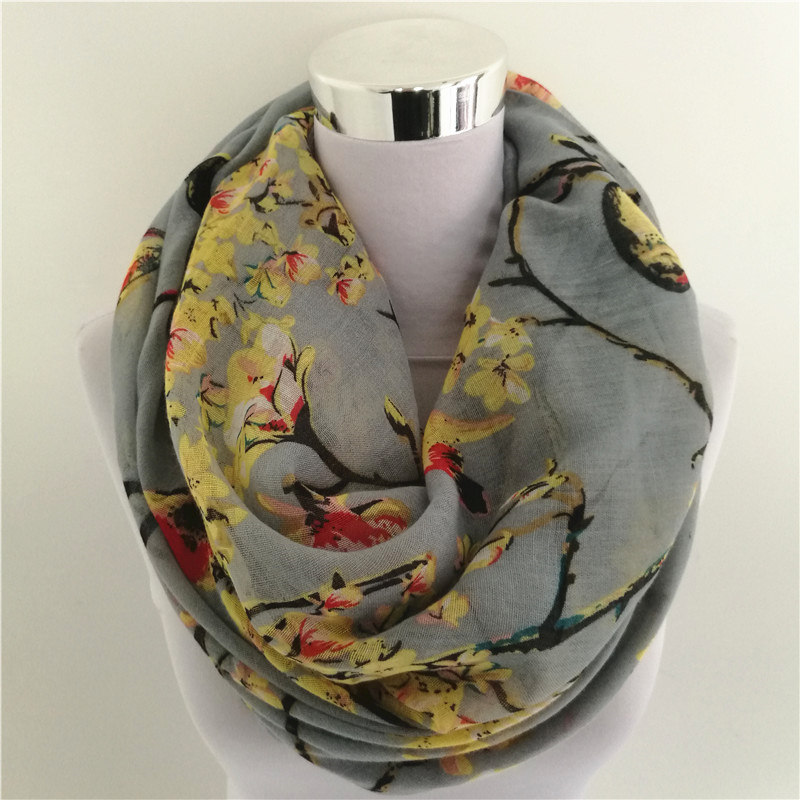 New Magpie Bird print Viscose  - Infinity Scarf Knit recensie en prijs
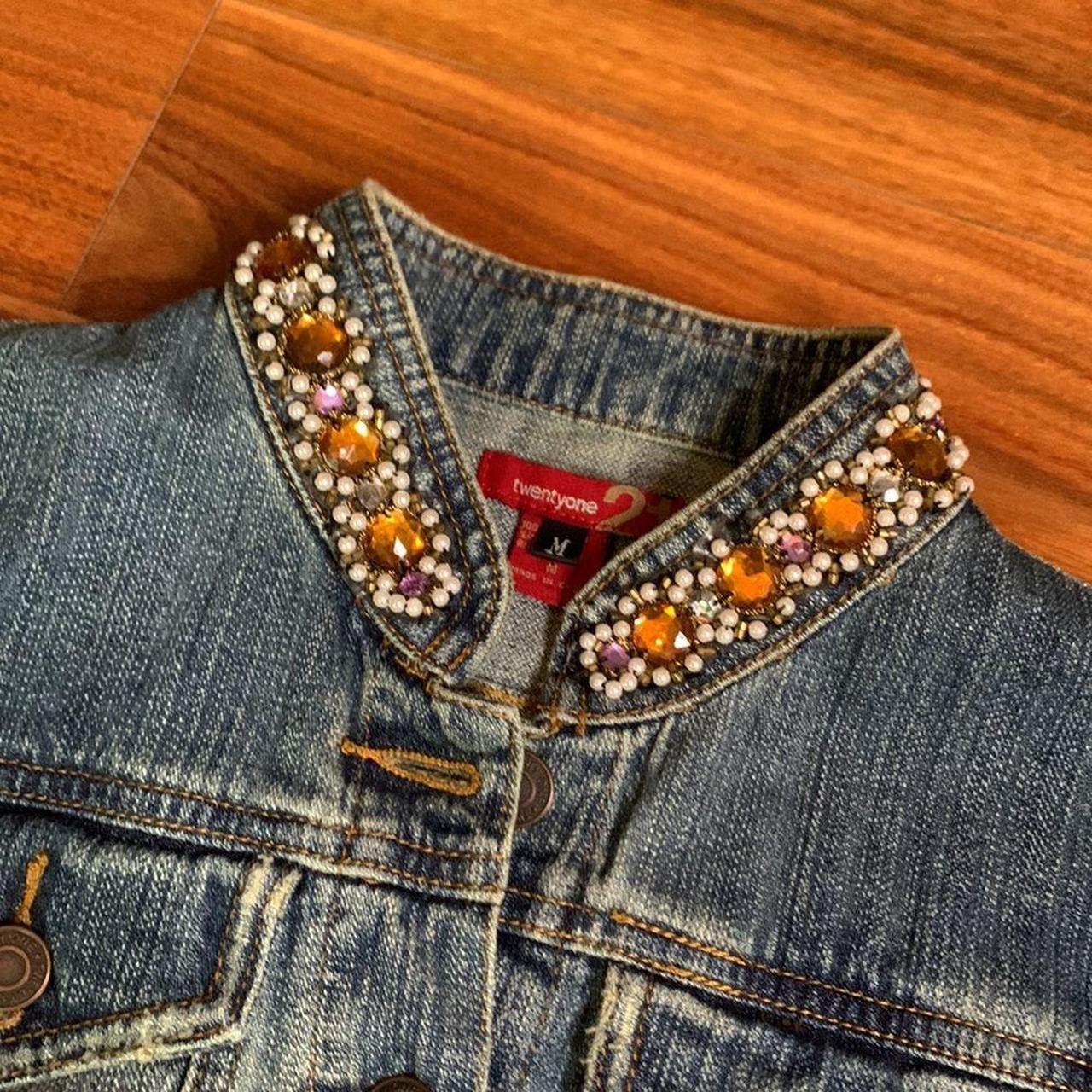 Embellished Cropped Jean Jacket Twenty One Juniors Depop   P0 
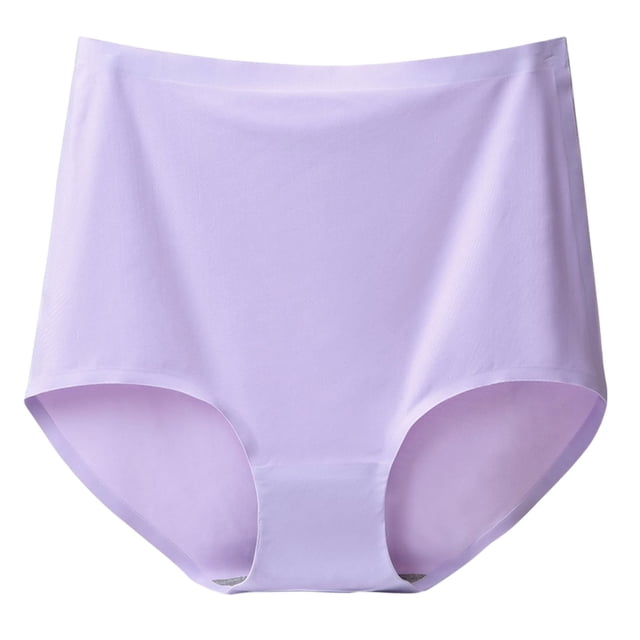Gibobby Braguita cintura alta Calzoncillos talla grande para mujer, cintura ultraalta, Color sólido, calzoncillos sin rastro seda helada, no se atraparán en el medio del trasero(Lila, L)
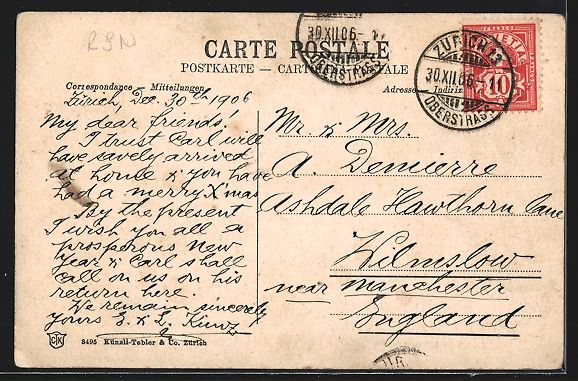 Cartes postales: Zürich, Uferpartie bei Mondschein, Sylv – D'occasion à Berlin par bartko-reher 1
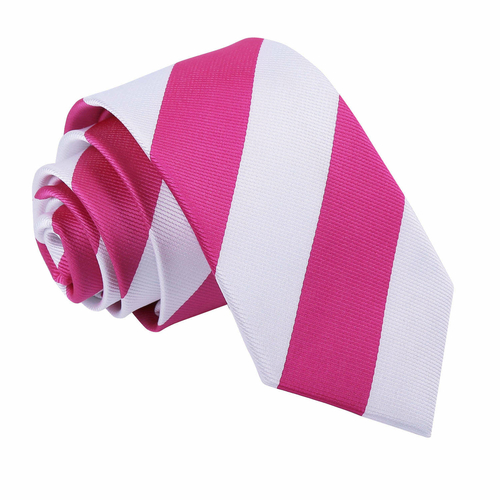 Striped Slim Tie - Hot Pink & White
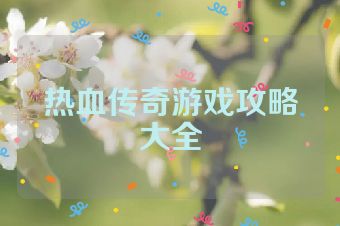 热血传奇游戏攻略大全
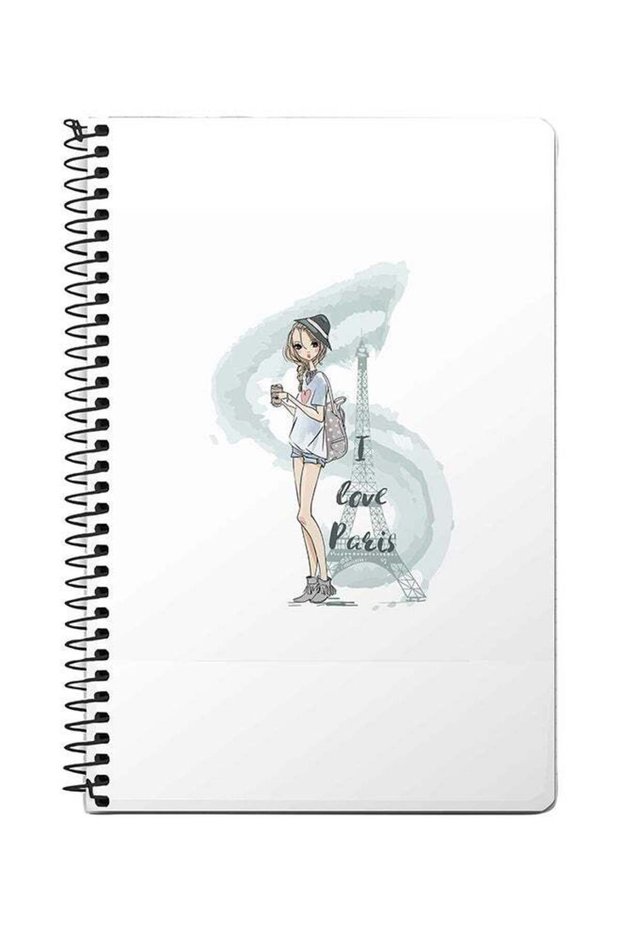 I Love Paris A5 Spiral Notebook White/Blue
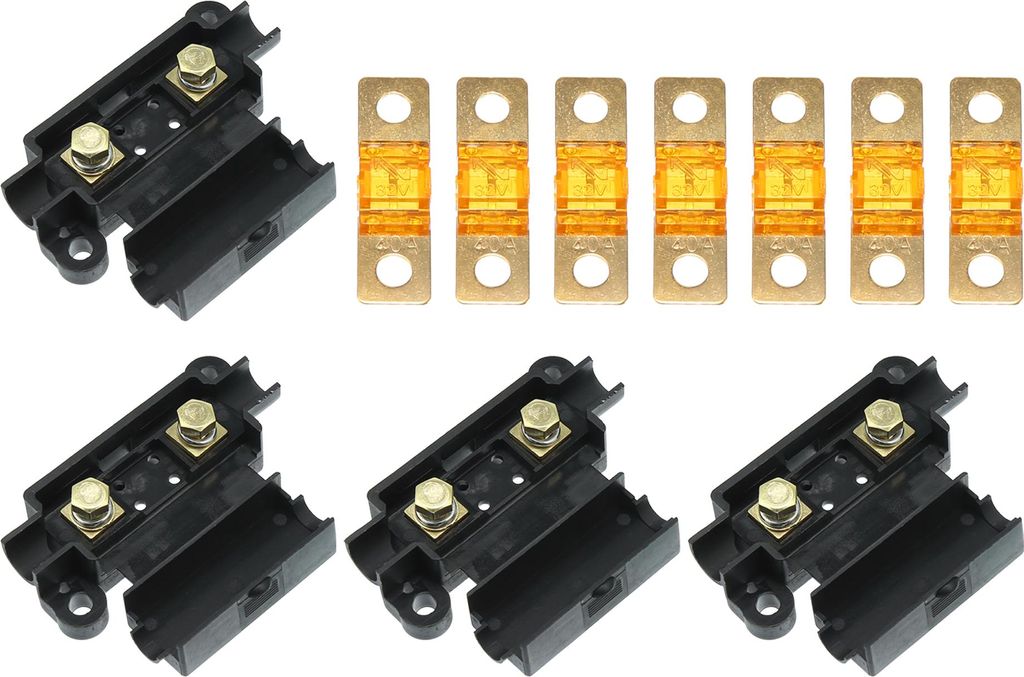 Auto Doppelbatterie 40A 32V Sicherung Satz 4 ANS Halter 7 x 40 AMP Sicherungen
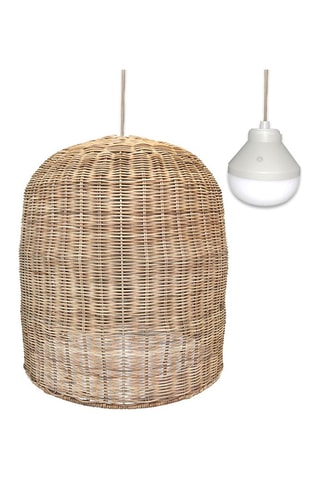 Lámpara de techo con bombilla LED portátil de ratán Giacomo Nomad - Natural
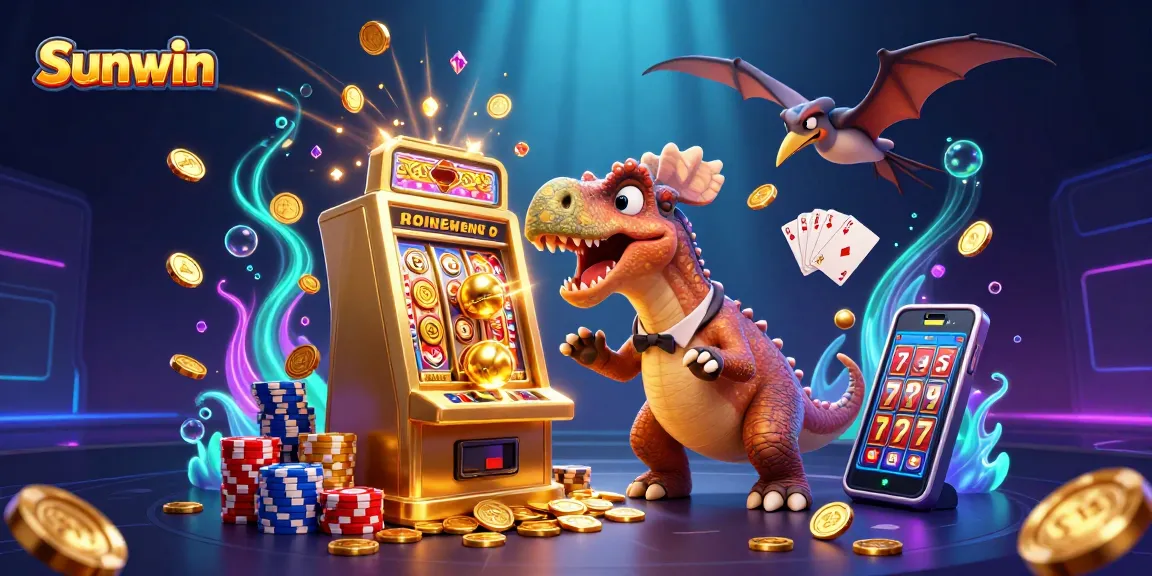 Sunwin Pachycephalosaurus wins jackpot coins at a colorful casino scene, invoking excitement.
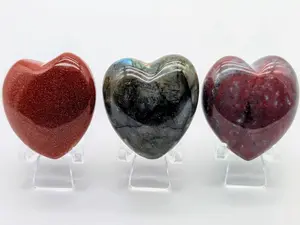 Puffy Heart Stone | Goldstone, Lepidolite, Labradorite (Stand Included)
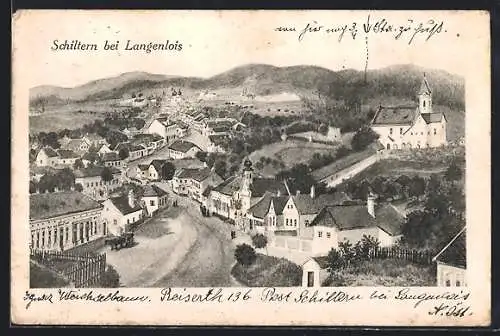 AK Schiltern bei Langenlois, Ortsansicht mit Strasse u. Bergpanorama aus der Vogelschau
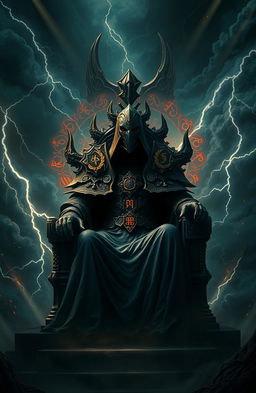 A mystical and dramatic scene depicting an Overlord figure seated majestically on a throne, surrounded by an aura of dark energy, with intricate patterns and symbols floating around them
========================================================================
Please copy the data above exactly, omitting the pictures.

 New Magpie Bird print Viscose  - Infinity Scarf Knit recensie en prijs
 Embellished Cropped Jean Jacket Twenty One Juniors Depop   P0 
Gibobby Braguita cintura alta Calzoncillos talla grande para mujer, cintura ultraalta, Color sólido, calzoncillos sin rastro seda helada, no se atraparán en el medio del trasero(Lila, L)
 Cartes postales: Zürich, Uferpartie bei Mondschein, Sylv – D'occasion à Berlin par bartko-reher 1
 Striped Slim Tie - Hot Pink & White
 热血传奇游戏攻略大全
 I Love Paris A5 Spiral Notebook White/Blue
 Auto Doppelbatterie 40A 32V Sicherung Satz 4 ANS Halter 7 x 40 AMP Sicherungen
 Lámpara de techo con bombilla LED portátil de ratán Giacomo Nomad - Natural
 Sunwin Pachycephalosaurus wins jackpot coins at a colorful casino scene, invoking excitement.
 Puffy Heart Stone | Goldstone, Lepidolite, Labradorite (Stand Included)
 AK Schiltern bei Langenlois, Ortsansicht mit Strasse u. Bergpanorama aus der Vogelschau
 A mystical and dramatic scene depicting an Overlord figure seated majestically on a throne, surrounded by an aura of dark energy, with intricate patterns and symbols floating around them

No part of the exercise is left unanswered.